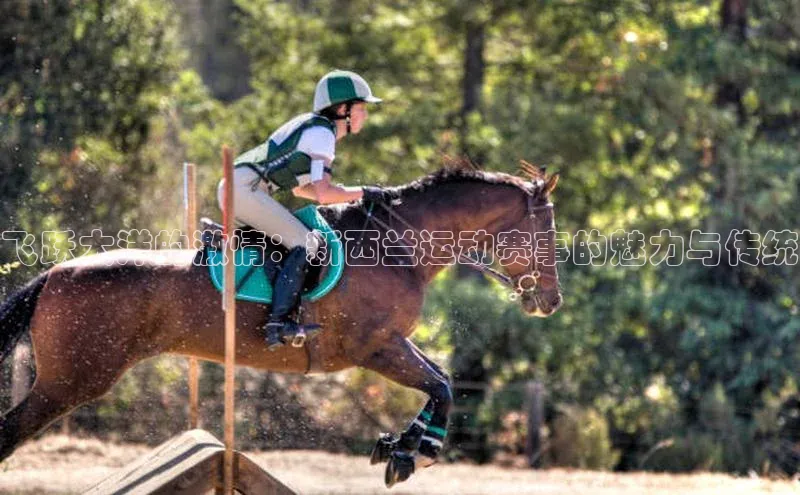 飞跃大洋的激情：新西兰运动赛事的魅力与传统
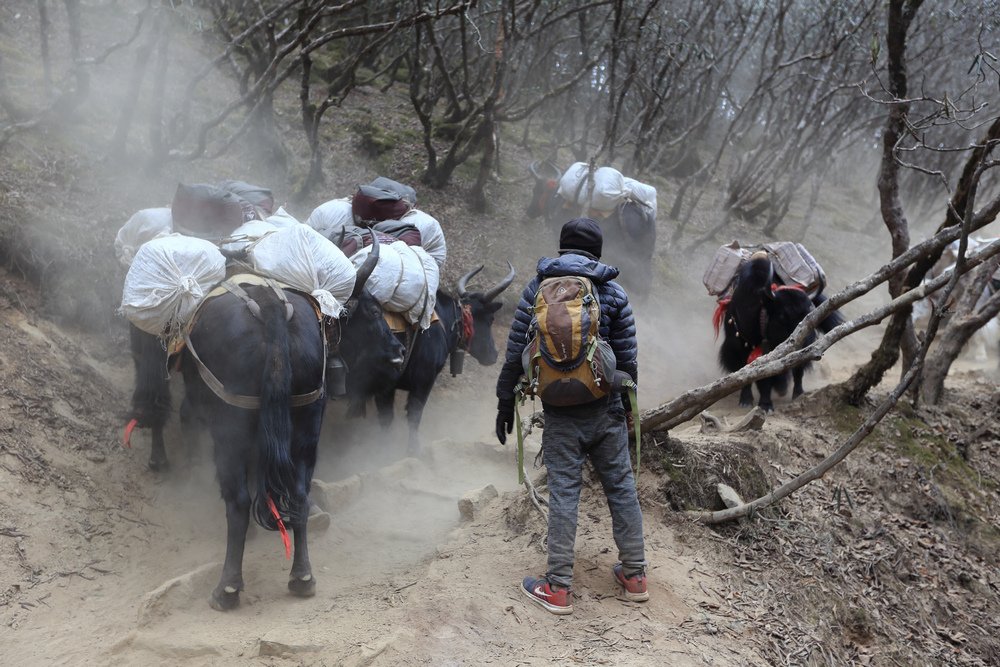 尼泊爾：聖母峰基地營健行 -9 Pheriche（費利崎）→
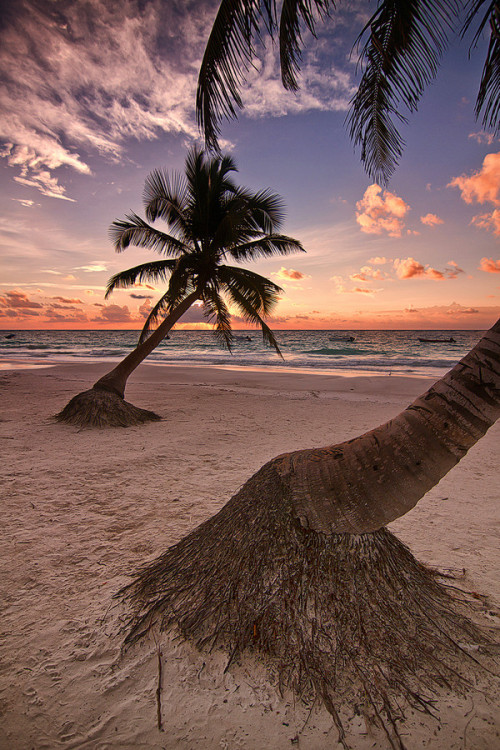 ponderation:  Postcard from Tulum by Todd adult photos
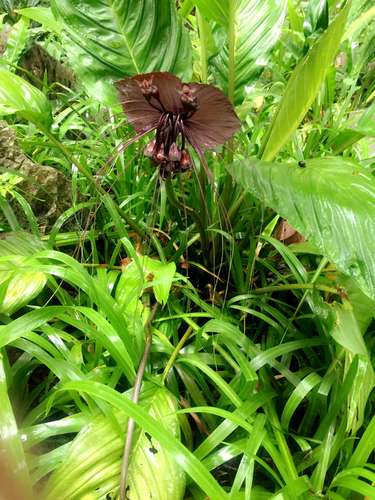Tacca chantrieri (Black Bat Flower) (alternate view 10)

_ _ _ _ _ _ _

◆ WHAT YOU HAVE TO DO: The response must match the listing exactly, except that pictures are removed.

◆ RESPONSE TO THIS EXERCISE:
 飞跃大洋的激情：新西兰运动赛事的魅力与传统
 尼泊爾：聖母峰基地營健行 -9 Pheriche（費利崎）→
 ponderation:  Postcard from Tulum by Todd adult photos
Tacca chantrieri (Black Bat Flower) (alternate view 10)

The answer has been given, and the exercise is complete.